JP2773590B2 - Low-pass filter - Google Patents

Description

DETAILED DESCRIPTION OF THE INVENTION

[0001]

BACKGROUND OF THE INVENTION 1. Field of the Invention The present invention relates to a low-pass filter, and more particularly to a high-frequency low-pass filter having a coil electrode used as an inductor.

[0002]

2. Description of the Related Art FIG. 6 is a perspective view showing an example of a conventional high-frequency low-pass filter. The low-pass filter 1 shown in FIG. A ground electrode 3 is formed on one entire main surface of the dielectric substrate 2. Dielectric substrate 2
In the center of the other main surface, two coil electrodes 4a and 4b serving as first and second inductors are formed. Further, on the other main surface of the dielectric substrate 2, a first capacitor electrode 5a constituting a part of the first capacitor and an input electrode 6a serving as an input terminal extend from one end of one coil electrode 4a. A second capacitor electrode 5b formed and constituting a part of the second capacitor is connected to one coil electrode 4a.
The third capacitor electrode 5c, which is formed to extend from one end of the other coil electrode 4b and one end of the other coil electrode 4b, and constitutes a part of the third capacitor, and the output electrode 6b serving as an output terminal are connected to the other coil electrode 4b. It is formed to extend from the other end.

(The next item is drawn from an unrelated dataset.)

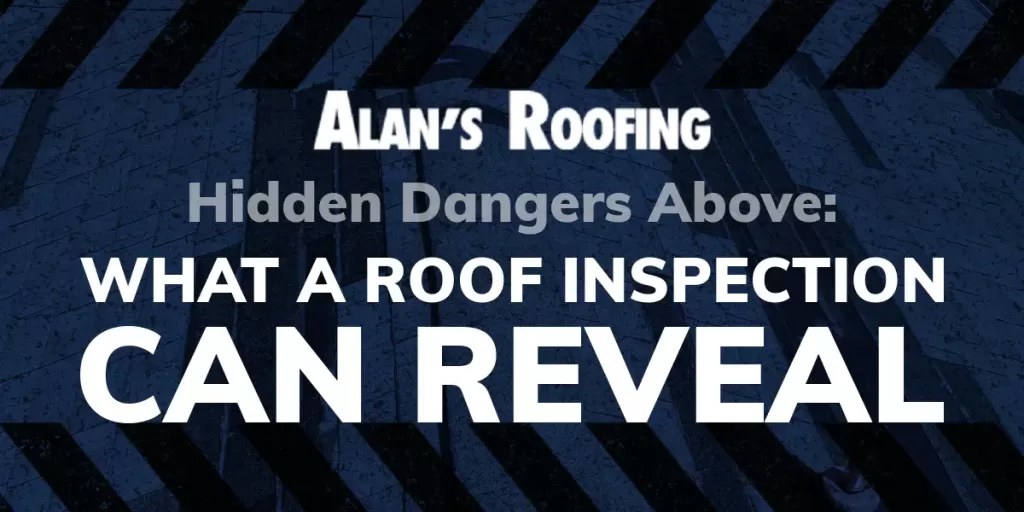 Promotional image for Alan's Roofing highlighting the importance of roof inspections to reveal hidden dangers.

FIG. 7 is a perspective view showing another example of a conventional high-frequency low-pass filter. The low-pass filter 1 shown in FIG. 7 is different from the low-pass filter 1 shown in FIG.
Three chip capacitors 7 instead of one capacitor electrode
a, 7b and 7c are used.

A low-pass filter 1 shown in FIGS. 6 and 7
Have the equivalent circuits shown in FIG. That is, each of the low-pass filters 1 shown in FIGS. 6 and 7 has an input terminal IN and an output terminal OUT. Between the input terminal IN and the output terminal OUT, the first and second
Inductor L ₁ and L ₂ are connected in series. Further, the input terminal IN is grounded via a _first capacitor C1, the connection point of the _first and _second inductors L1 and L2 is grounded via a _second capacitor C2, and the output terminal OUT is Grounded via a _third capacitor C3.

[0005]

In the conventional examples shown in FIGS. 6 and 7, when the stray capacitance between the ground electrode and the coil electrode increases, the inductive impedance between both ends of the coil electrode decreases, It is difficult to reduce the size and reduce the frequency.

Further, in the conventional examples shown in FIGS. 6 and 7, when the stray capacitance between the ground electrode and the coil electrode increases, the frequency at which the impedance between both ends of the coil electrode reverses to capacitive decreases. Higher frequency becomes difficult.

In the conventional example shown in FIGS. 6 and 7,
In each case, an unnecessary pass band is generated due to resonance at a frequency that is an integral multiple of a half wavelength of the line length of the coil electrode, and good spurious characteristics cannot be obtained.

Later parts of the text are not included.